# Hate Detection: LSTM

## Author: Rami Abulfadl

A Bi-LSTM network is created as binray classifier for hate detection using the dataset [Twitter hate speech] which can be downloaded from Kaggle´s competition with this link(https://www.kaggle.com/vkrahul/twitter-hate-speech?select=train_E6oV3lV.csv) in which tweets are identified as hateful by internet users and compiled by Hatebase.org based on Davidson et al. (https://arxiv.org/pdf/1703.04009.pdf)


###  **1. Importation**
The necessary librraies needed to create the model and the dataset it self have been imported in this section



**1.1** Importing necessary Libraries

In [None]:
import pandas as pd
import numpy as np
from keras.preprocessing.text import Tokenizer
import tensorflow as tf
from keras.layers import LSTM
import matplotlib.pyplot as plt
from nltk.tokenize import RegexpTokenizer
from imblearn.over_sampling import SMOTE
from keras.preprocessing.sequence import pad_sequences
from keras.layers import Dense, Input, Embedding, Dropout, Activation, Flatten, Bidirectional, GlobalMaxPool1D
from keras.models import Model, Sequential
import keras
from sklearn.model_selection import train_test_split
from sklearn.metrics import confusion_matrix




**1.2.** Importing the CSV files of the dataset

In [None]:
from google.colab import drive
drive.mount('/content/drive',force_remount=True)

Mounted at /content/drive


In [None]:
train = pd.read_csv("/content/drive/My Drive/TFMColab/hate/train.csv")
val = pd.read_csv("/content/drive/My Drive/TFMColab/hate/dev.csv")
test = pd.read_csv("/content/drive/My Drive/TFMColab/hate/test.csv")

###  **2. Preprocessing**

Typically, the tokenizer provided by Keras has been set to vectorize the tweets into integers by fitting it on the training tweets. Most frequenct words are kept up to 10000 words. Texts are not converted into lower case as it may add information forexample when a user is shouting. 

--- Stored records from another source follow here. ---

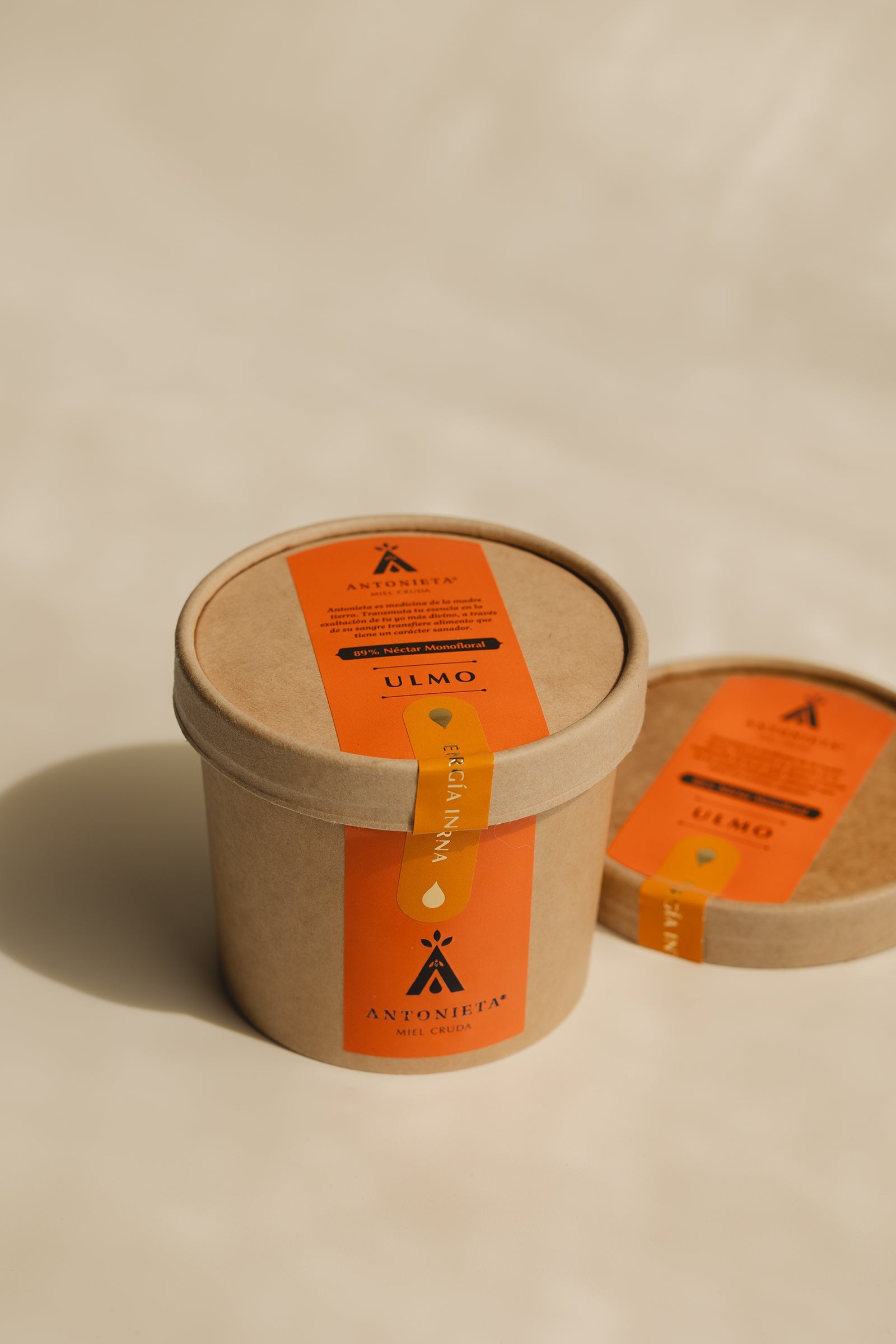 Miel de Ulmo | Reina - 550 g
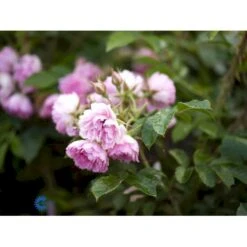 Rynket Rose 'Pink Grootendorst' Rosa Rugosa 'Pink Grootendorst' A-Kvalitet,- Barrods Roser Min. 3 Grene -Osmo Salgsbutik fi5575 rosa rugosa pink grootendorst 6c5b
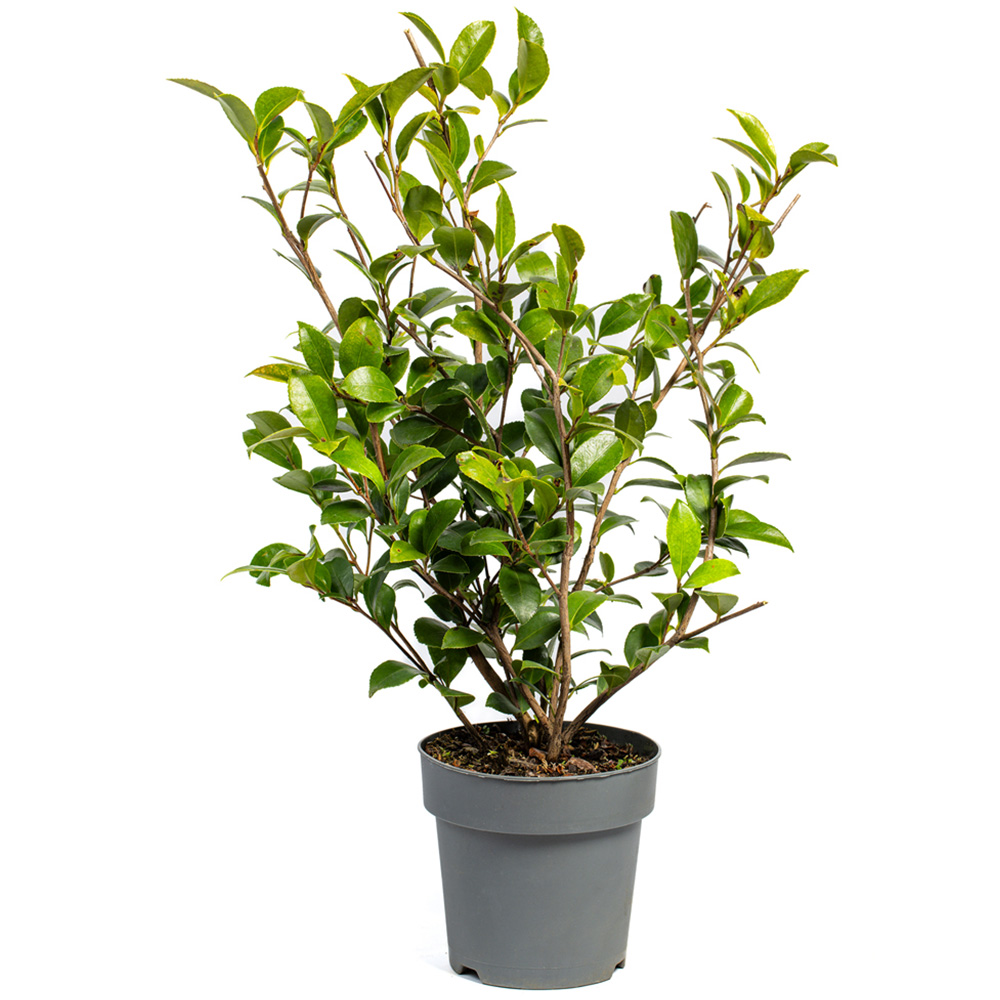 YouGarden Camellia Vernalis Yuletide with Plant Pot 15cm Image 2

All punctuation, plus tabs and line breaks are filtered from the corpus

In [None]:
max_words = 10000 
maxlen = 25 
embedding_dim = 100

tokenizer = Tokenizer(num_words=max_words,lower=False, filters='!"#$%&()*+,-./:;<=>?@[\\]^_`{|}~\t\n')

#tokenizer fitting on training tweets
tokenizer.fit_on_texts(list(train['Phrase']))
word_index = tokenizer.word_index
print('There are %s unique tokens.' % len(word_index))

#apply the tokenizer on the 3 datasets partitions
train_X = tokenizer.texts_to_sequences(train['Phrase'])
test_X = tokenizer.texts_to_sequences(test['Phrase'])
val_X = tokenizer.texts_to_sequences(val['Phrase'])

#Reshape the outcome into a numpy array
train_X = pad_sequences(train_X, maxlen = maxlen)
test_X = pad_sequences(test_X, maxlen = maxlen)
val_X = pad_sequences(val_X, maxlen = maxlen)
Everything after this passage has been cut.